Jamie Cooks Italy
by Jamie Oliver (Michael Joseph / Penguin, £26.00)
Jamie Oliver is perhaps one of the most popular TV chefs of the moment. But he has moved from the costly ingredients and exotic notions to helping ordinary families make the most of what they can afford to cook at home, or have to eat at school. This book sums up his experiences in a way through his love of Italian cooking and the Italian way of the table learned from his early mentors such as Gennaro Contaldo and Antonio Carluccio.
Over the last decades we have heard a great deal about the benefits of the ‘Mediterranean diet’, olive oil, tomatoes, fresh fruit and so on. But recent visits to Italy have shown me that the secret of this diet lies not so much in what Italians, but how they eat it.

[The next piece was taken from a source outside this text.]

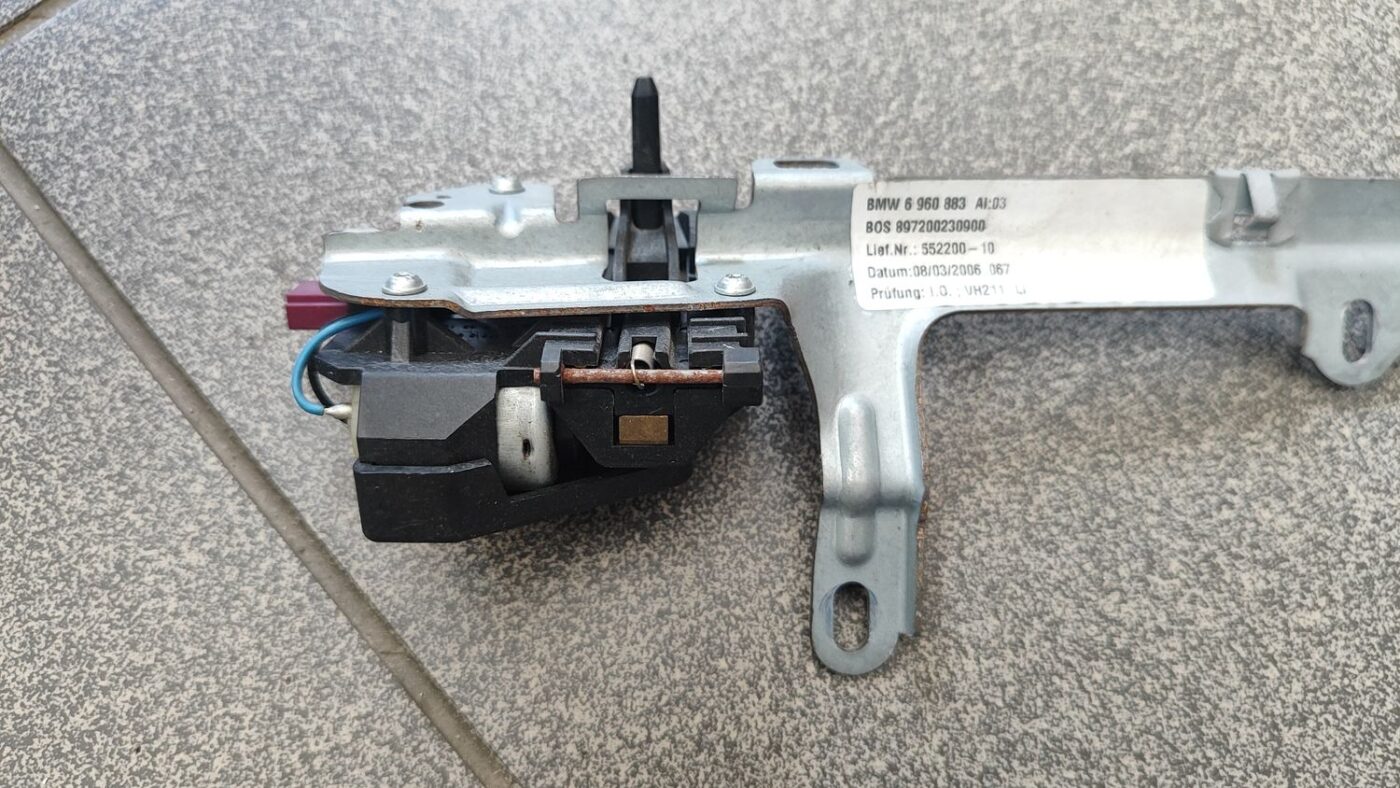 Bagāžnieka žalūzijas mehānisms priekš BMW 530D E61 2006 TOURING TITANSILVER 5 Bagāžnieka žalūzijas mehānisms priekš BMW 530D E61 2006 TOURING TITANSILVER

Our group was on a visit to Padua. On the first night we were entertained in a local traditional restaurant. Initially there was some confusion over the menu and its presentation of the food.

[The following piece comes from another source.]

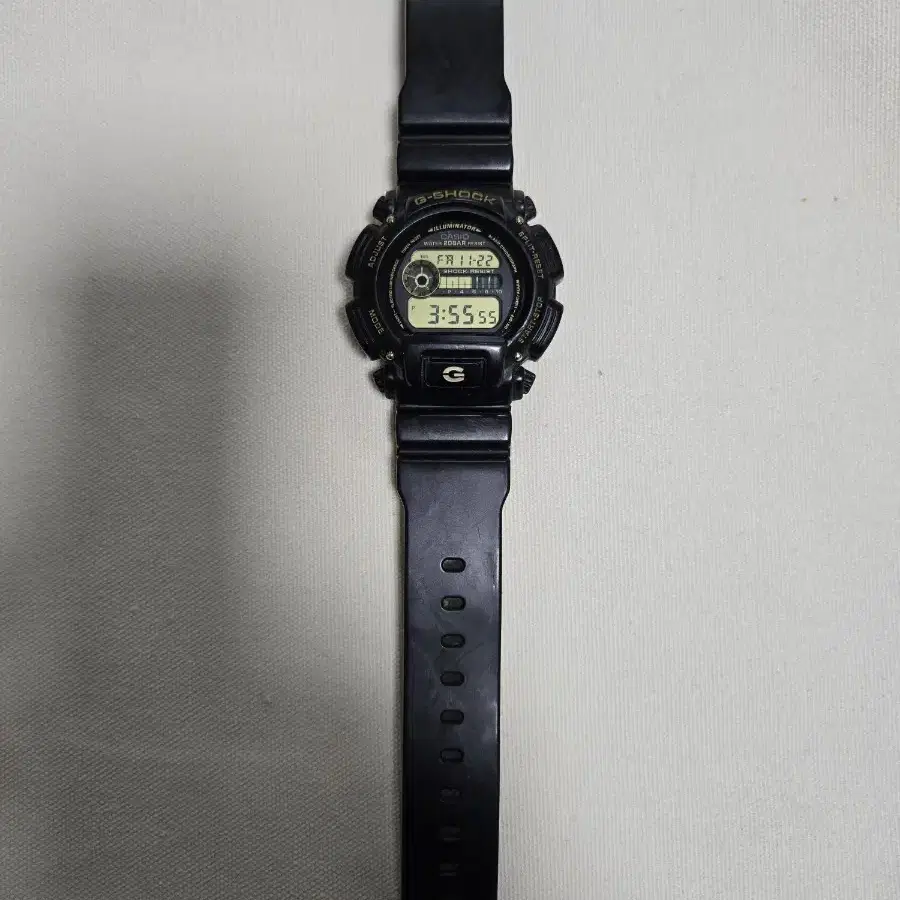 G-Shock dw-9052gbx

The meal started with the anti-pasti, not the bloated affair now so common here, but a platter of small nibbles to rouse the appetite. This was followed by a small plate of pasta, but this was not as some imagined the main course. There was really no main course, but a series of small separate courses of meat, grilled vegetables and salad.
The point about eating the pasta first was that it entered the digestive tract, but was slow to move on as it took some digesting. This alerted the metabolism, which felt ‘full’, and so smaller amounts of the other courses were eaten.
So all those elegant Italian ladies and handsome men eat piles of supposedly ‘fattening’ pasta without getting fat. This is because they do not make a meal of it, but only a small part of a meal.
Needless to say the Italians also sit down in famiglia to eat. They take their time. They enjoy their food as a fixed part of daily family life.
Looking through Jamie Oliver’s book there is abundant evidence of this.
Note the presence of so many Nonnas, wise old grandmothers, with lots to say, fine things to cook, and a traditional view of the world.
All of this perhaps might be traced by some to a Catholic view of the family. Perhaps that is so. But in any case it shows once again, it is not what you eat, but how you eat it. And how you enjoy it.
Here in Ireland we are perhaps in danger of losing sight of the fact that the family that eats together – at a table at a regular hour – serves both health and family. A healthy mind in a healthy body certainly, but also all round a better way of life.
Jamie Cooks Italy may not be a crusading book, but it could be the best thing he has so far created.